If you visit on Sunday, you can attend the mass in the cathedral. However, no pictures are allowed inside. Keep your camera away and do not state that you are a tourist. They did not allow tourist to go in for sightseeing as it will disrupt the mass proceeding.

The Jade Temple 

This temple is located in 73 Mai Thi-Luu St in District 1 and goes by many names including the Ngọc-Hoàng Điện or the Chùa Ngọc-Hoàng. Aside from the fact that this is a religious shrine, I found it to be a cool place to experience the Chinese heritage. The temple was constructed by the Chinese community in 1909 and its iconic pagoda designs make it a perfect go-to for any Chinese wishing to connect to his higher power away from home.

The Ba Thien Hao Temple 

I must say I wasn’t so lucky as my trip to the temple did not fall in the Lunar New Year when the temple literally comes alive. However, I was still treated to some of the rarest experiences in this part of the world – the burning of spiral incense. Armed with coils and incense sticks, I can still remember the enchanting smells that rent the temple immediately I, along with those in attendance, began burning our incense. This is not just a ritual to behold; it is the essence of spiritual connection.


The Chu Chi Tunnel

A staple tourist attraction in Ho Chi Minh City.
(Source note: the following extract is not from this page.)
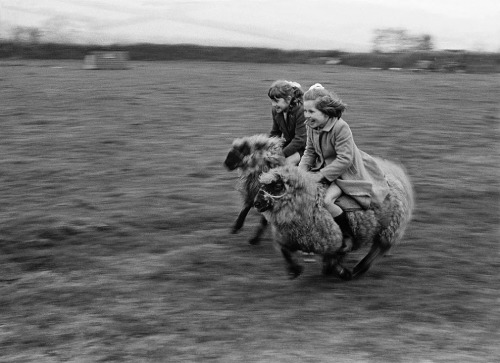 disgruntledmenshevikjohnmulaney: historical-nonfiction: Girls racing sheep in Aberystwyth, Wales. 1965. girls will be girls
The Chu Chi Tunnel is an immense tunnel network that connects major underground tunnels of this great city. The tunnels were first popularized during the Vietnam War as they played perfect military hideouts. However, in addition to that great heritage, I found the Chu Chi Tunnel an ideal escape route from the noisy life of this city. A temporarily detached from the hustle and bustle of the city. Trust me, you need a little break from Ho Chi Minh City center.

The Mekong Delta

My trip to Ho Chin Minh City wouldn’t have been complete without a visit to Mekong Delta.  The delta is basically a southwestern Vietnamese region where the Mekong River flows into the sea through a series of distributaries The many water channels created by the river are indeed food for the eyes but there is yet another marvelous activity to take part in here – boat rides. I realized that there was no better way to access the orchards, the swamplands, the paddy fields and other enchanting vegetation dotting this vast delta. And even better, the boat rides are availed at local rates so I didn’t have to worry about breaking the bank to enjoy this wonderful cruise.